(Material for this exercise begins)

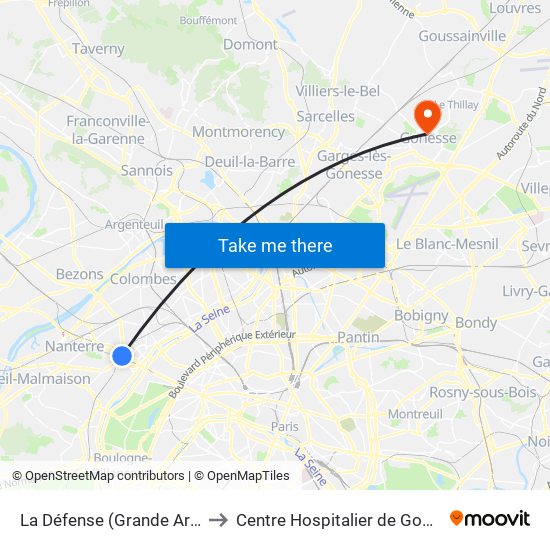 La Défense (Grande Arche) to Centre Hospitalier de Gonesse map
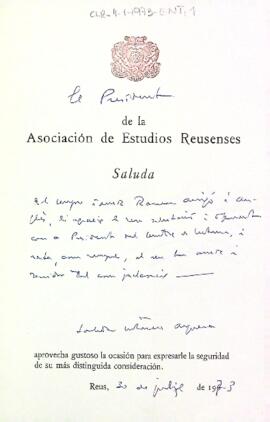 Carta de Salvador Vilaseca a Ramon Amigó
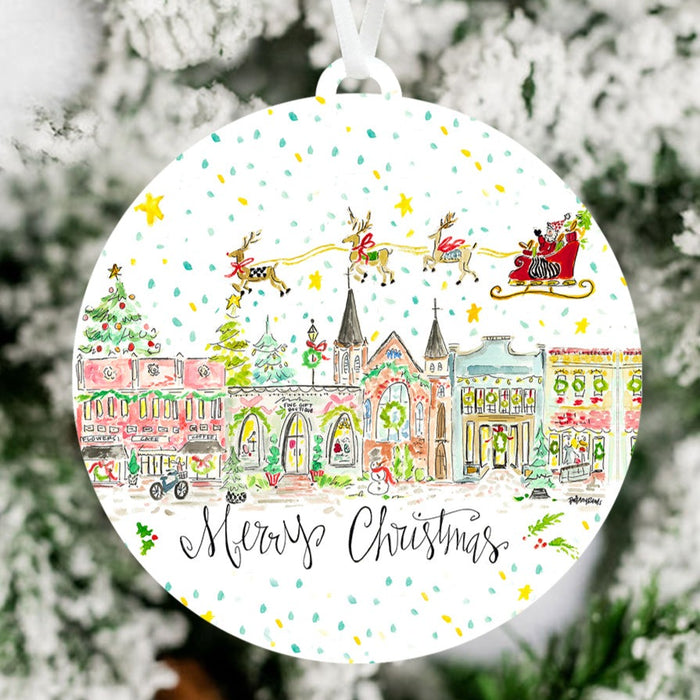 Christmas Town Ornament - Brittany Rawls Art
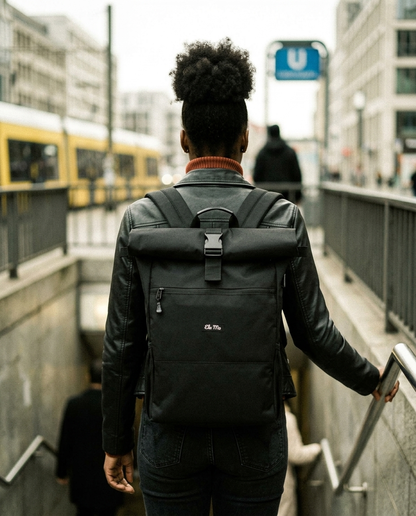 Black Ela Mo™ Rolltop Rucksack | Black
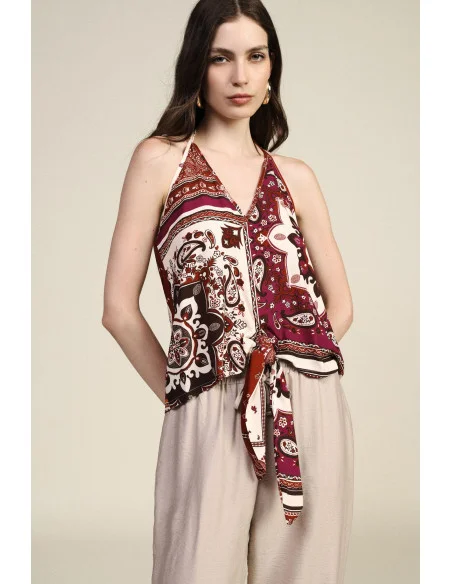 Top A Fantasia Paisley Con Chiusura Annodata Dixie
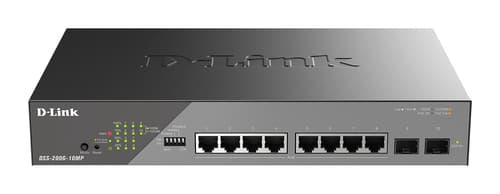 D-Link DSS 200G-10MP - Switch - Managed - 8 x 10/100/1000 (PoE) + 2 x Gigabit SFP - rack-mountable - PoE (130 W) — view 1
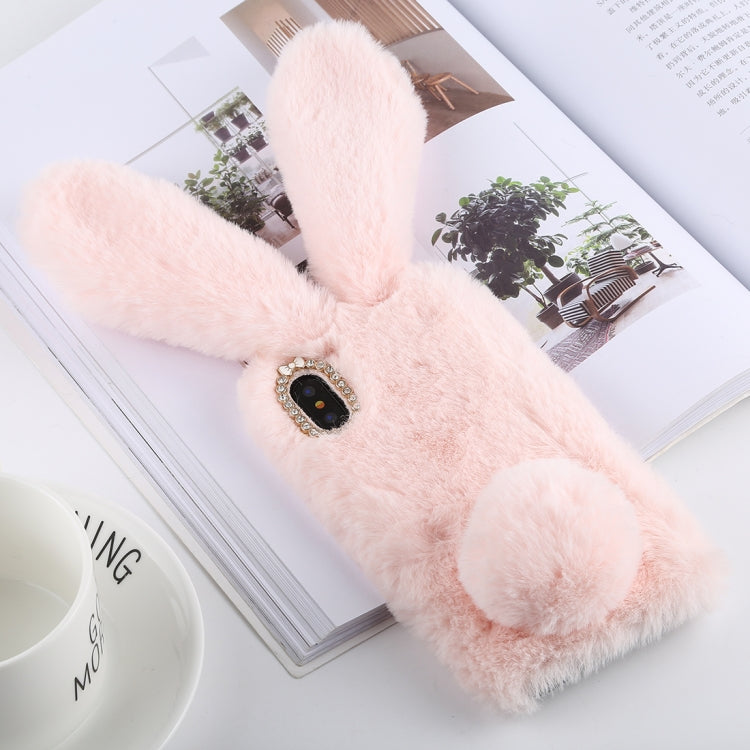 For iPhone X / XS Cute Rabbit Ears Style Plush Case (Pink)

(Material for this exercise ends)

- [Exercise]:
Only the lines from the one containing "Carta de Salvador Vilaseca a Ramon Amigó" through the last line of the material are to be restated word for word; no picture is to be included.

- [Solved exercise]:
 Carta de Salvador Vilaseca a Ramon Amigó
 Christmas Town Ornament - Brittany Rawls Art
 Black Ela Mo™ Rolltop Rucksack | Black
 Top A Fantasia Paisley Con Chiusura Annodata Dixie
 D-Link DSS 200G-10MP - Switch - Managed - 8 x 10/100/1000 (PoE) + 2 x Gigabit SFP - rack-mountable - PoE (130 W) — view 1
 For iPhone X / XS Cute Rabbit Ears Style Plush Case (Pink)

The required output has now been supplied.